You won't hear too many players from Eastern Washington ranked highly very often, but this year Cooper Kupp does. He's one of those overachievers that doesn't have one physical trait that stands out, but he is talented and makes the most out of what he has. Kupp has a solid frame at 6'2 210, and he knows how to use it. He uses it to absorb contact down the field while going up to get the football, but it also allows him to operate in the middle of the field and make plays. Kupp is tough and willing to take a hit to move the chains. Along with solid size, he is a good athlete that can adjust to the ball in the air, and has enough speed to get open and even occasionally stretch the field. Kupp has great hands and will catch anything within his reach. A knock on him is the level of play, but he has been productive in multiple games against Pac-12 opponents so the leap may not be as big as many expect. Kupp isn't going to run away from defenders and may not be a game breaker, but his all around skills and toughness should make him a quality NFL receiver that is a very consistent target for his quarterback.

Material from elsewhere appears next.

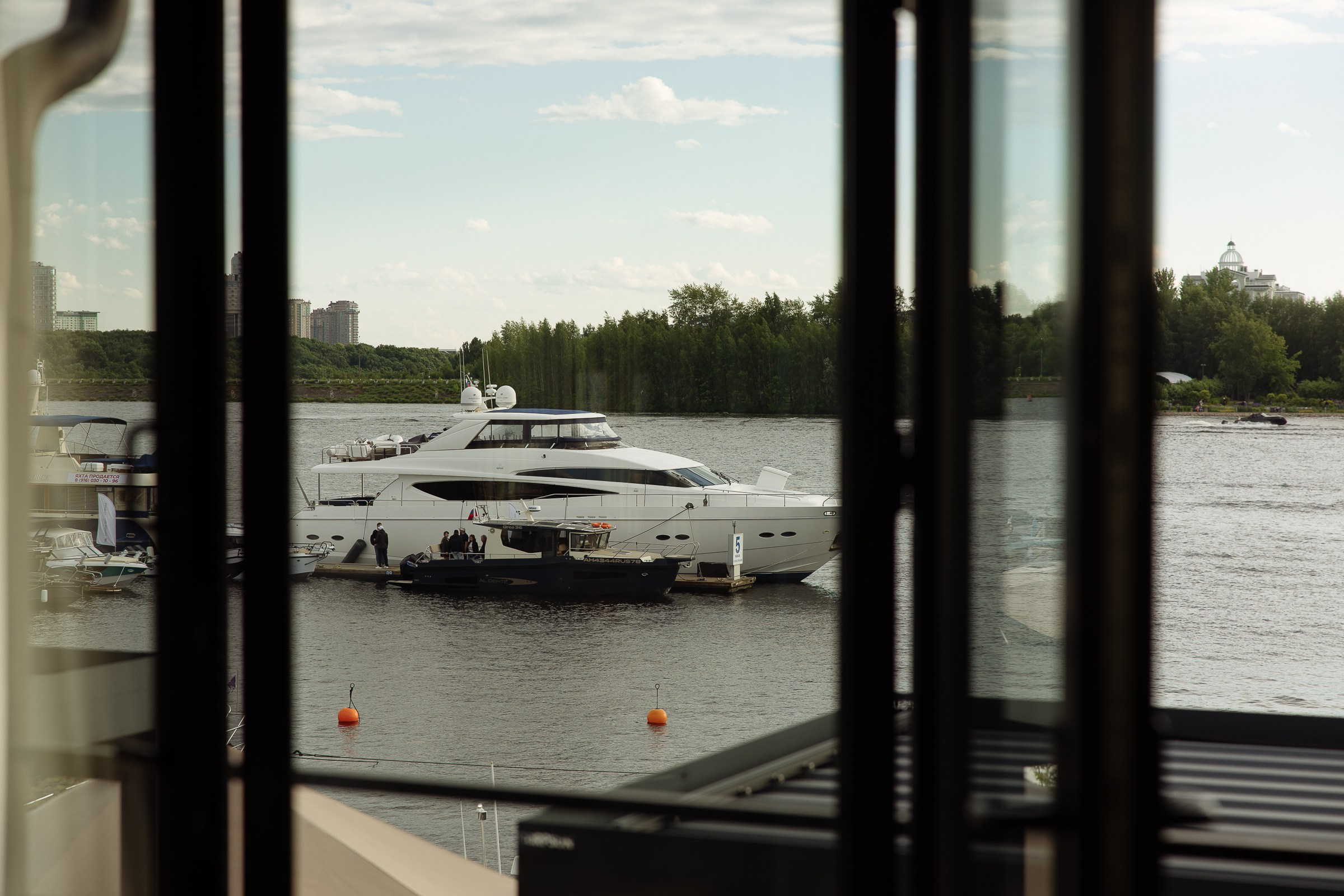Выставка яхт и катеров. Ryal Yacht Club. Фотограф в Москве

LSU's Malachi Dupre has not put up numbers anywhere near the other players on this list, but he is still a very gifted athlete. He is the type of player that should be much better in the NFL than in college, mainly because LSU QB's have struggled to throw the football in his career. Dupre has impressive natural tools. He has a lean frame at 6'3 190lbs, and could add more bulk to his frame. In addition to his length, he is a very good athlete with good speed. Dupre has shown his athleticism with his body control and ability to adjust to the ball in the air. The length and body control could make him a solid vertical and red zone threat because of his ability to go up and adjust. He also shows good speed on the field, especially for a taller receiver. He can get behind the defense on occasion, and can get consistent separation. Dupre has shown very good hands and has no problem working the middle of the field. The natural tools are impressive, and they do show up on the field. The lack of production stems from the help around him and the run first approach, but it has also stunted his development a bit since he hasn't gotten as many touches. Dupre has some work ahead of him, but he has big time upside in the NFL, and is the type of guy you will look back five years later and wonder why LSU couldn't get him the ball more.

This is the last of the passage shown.